I don’t know where it came from, but I was super sad this afternoon.
Maybe sad isn’t quite the right word; maybe more sorrowful. A deep sense of despondency and grief. You see, I was thinking of a friend of mine that passed away a couple of years ago, and for some reason it hit me with a sudden slamming realisation that he really is gone.
Let’s call him J. I’ve talked about him before. J was (is? I never know the correct tense) a family friend of ours, the son of the parentals’ friends who had a handful of kids around the age of the Wort trio. J was the same age as The Brother Michael, and I had a severe crush on the lad as I hit the 13-year mark.
(Can I clarify; crush on J, not on The Brother Michael).

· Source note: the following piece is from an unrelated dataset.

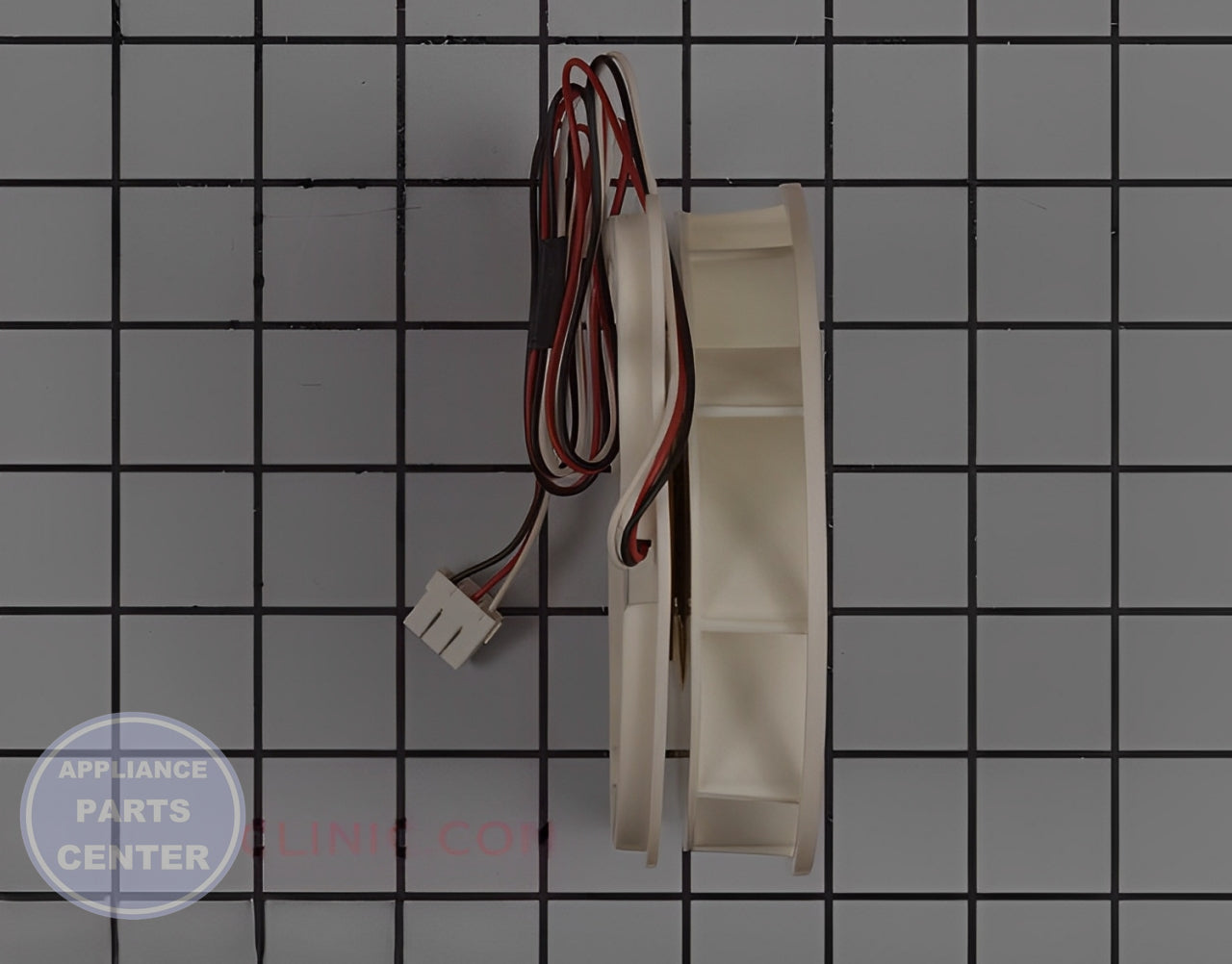 SAMSUNG REFRIGERATOR BLDC FAN MOTOR 12035GE-12M-Y - Installation in SMG Refrigerator showing hassle-free mounting points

One of my clearest memories was around when J would call most nights to talk to the aforementioned Brother. I would sort of loiter about the phone in the hope of getting a delicious four-second window to make banter. And by banter, I mean the following:
“Hello, Poppy speaking.”
“Hi Poppy, its J. Can I please speak to Michael?”
“Hi J. Sure, I’ll just get him for you. MIIIIICCCHHAAAAEEEEEELLLLL.”
One night however, J didn’t ask for The Brother straight away. Instead, he said to me, “I saw your joke in the TV Guide.”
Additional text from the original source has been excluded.